Sonntag, 19. März 2017

"Luther wollte mehr": Eugen Drewermann zu Gast in der Immanuelkirche

Eugen Drewermann bei seinem Vortrag in der Styrumer
Immanuelkirche.
Ein katholischer Ex-Priester, der seine Kirche inzwischen verlassen hat, spricht in einer evangelischen Kirche. Und die Kirche, in diesem Fall die Immanuelkirche an der Kaiser-Wilhelm-Straße, ist voll, wie an Weihnachten. 150 Menschen hören gebannt einem Mann zu, der 90 Minuten, ohne Manuskript spricht, ohne dabei auch nur einmal langatmig zu werden.

Der Ex-Katholik Drewermann würdigt die historischen Verdienste des protestantischen Urvaters Luther, ohne dabei der Versuchung zu erliegen, ein Heiligenbild des Reformators zu zeichnen. Seinen Antisemitismus und seine Rechthaberei spricht Drewermann ebenso an, wie Luthers Mut und Beharrlichkeit, gegen alle Widerstände, seinen Landsleuten die Bibel und damit den christlichen Glauben verständlich und damit nachvollziehbar zu machen.

„Luther wollte eigentlich keine  Kirchenspaltung, sondern eine offene Diskussion über die Grundlagen des Glauben. Er hat Jesus von Nazareth und sein Evangelium neu entdeckt, als sich die katholische Kirche schon in Siebenmeilen-Stiefel von der Bergpredigt entfernt hatte“, stellt Drewermann fest.
Bibelbelesen und auch psychoanalytisch fundiert wandert Drewermann durch das von Mut, Glaube und Wahrheitsliebe, aber auch von starken Zweifeln geprägte Leben Luthers und macht deutlich, wo wir heute an Luther anknüpfen können und sollen.
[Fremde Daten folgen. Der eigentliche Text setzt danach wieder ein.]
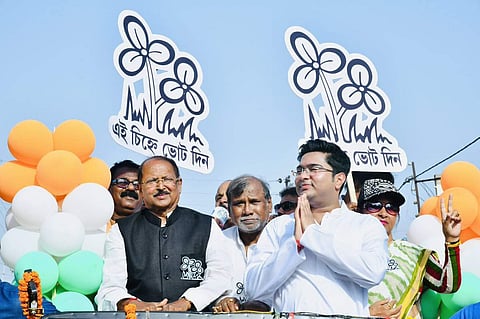 TMC's Subrata Mukherjee with Abhishek Banerjee at a rally in West Bengal. (Photo | Abhishek Banerjee Twitter)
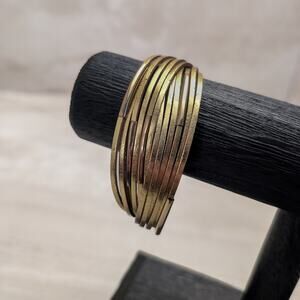Metallic Dark Golden Tone Cuff Bracelet with Magnetic Clasp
Er nennt an erster Stelle Luthers Freilegung und Bekenntnis zu der in Jesus Christus offenbarten unbedingten Gnade, Liebe und Vergebung Gottes, aus der der zwangsläufig fehlerhafte Mensch alleine leben, glauben und auf ein ewiges Leben bei Gott hoffen kann.

Aktuell ist für den Theologen und Psychoanalytiker Drewermann auch Luthers Erkenntnis, dass die Theologie des Neuen Testaments keine selbstgerechte und strafende, sondern nur eine verstehende und vergebende sein kann. Christliche Kirche müsse als seelsorgerischer und menschenfreundlicher Hirte, wie im biblischen Gleichnis Jesu auch den verlorenen Schafen nachgehen. Deren Schuld, so Drewermann, müssten Christen als „einen Schrei der Verzweiflung und einen Schrei nah Liebe und menschlicher Zuwendung begreifen.“ Daraus folgert er, „dass kein Mensch, wie schuldig er auch immer geworden sein mag, aus der allumfassenden Gnade und Liebe Gottes herausfallen kann.“

Für Drewermann steht fest, dass keine Strafe und keine Gewalt, sondern allein Liebe und Verständnis Menschen bessern können. „Wir müssen versuchen, Menschen und ihre biografische Prägung zu verstehen, statt über sie den Stab zu brechen“, sagt der 76-Jährige Gottesmann aus Paderborn.

Und dann beleuchtet er Luther  als einen Kapitalismuskritiker. Er beleuchtet dessen Kritik am Zinswucher, der mittellose Menschen weiter ins Elend stürzt, und ihre Kreditgeber reicher und unmenschlicher macht. Dies sieht Drewermann als einen auch heute aktuellen Denkanstoß.